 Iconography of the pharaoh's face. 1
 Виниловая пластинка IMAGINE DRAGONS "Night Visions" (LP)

◆ ◆ ◆ ◆ ◆

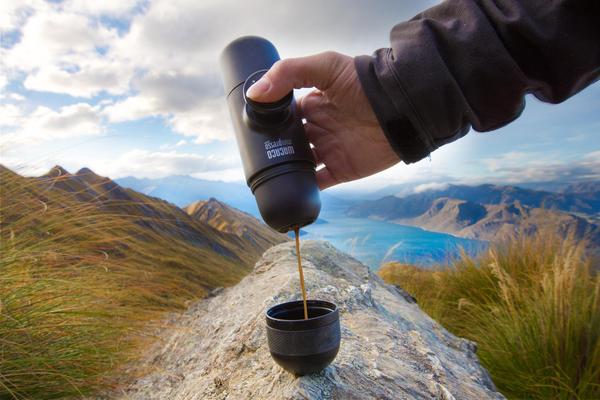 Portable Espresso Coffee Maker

◆ ◆ ◆ ◆ ◆

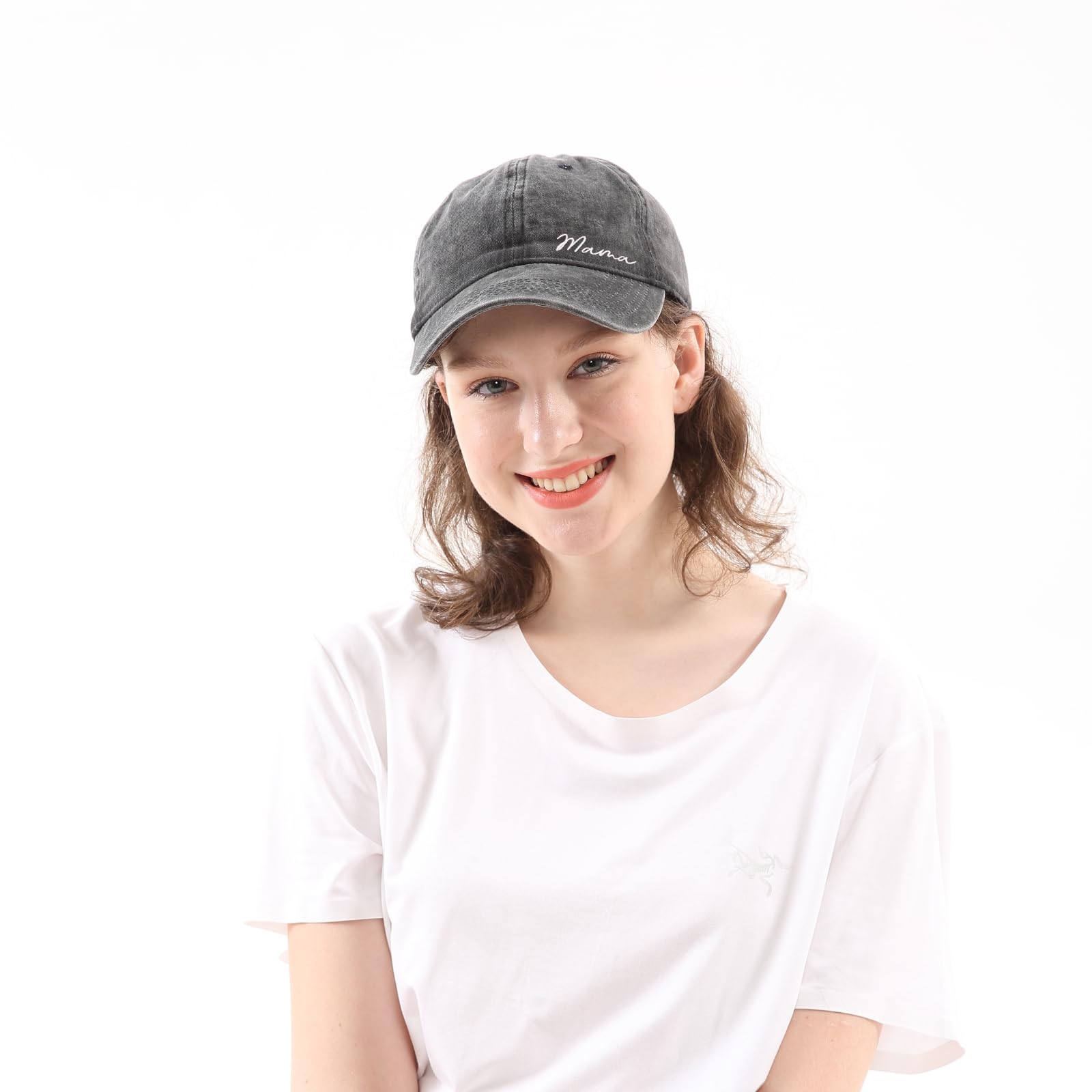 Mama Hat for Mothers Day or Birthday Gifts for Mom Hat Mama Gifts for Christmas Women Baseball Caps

◆ ◆ ◆ ◆ ◆

** What is needed **
Write out exactly the lines above between the line with "Iconography of the pharaoh's face. 1" and the line with "Виниловая пластинка IMAGINE", inclusive, and nothing beyond them.

** Answer to this problem **
 Iconography of the pharaoh's face. 1
 Виниловая пластинка IMAGINE DRAGONS "Night Visions" (LP)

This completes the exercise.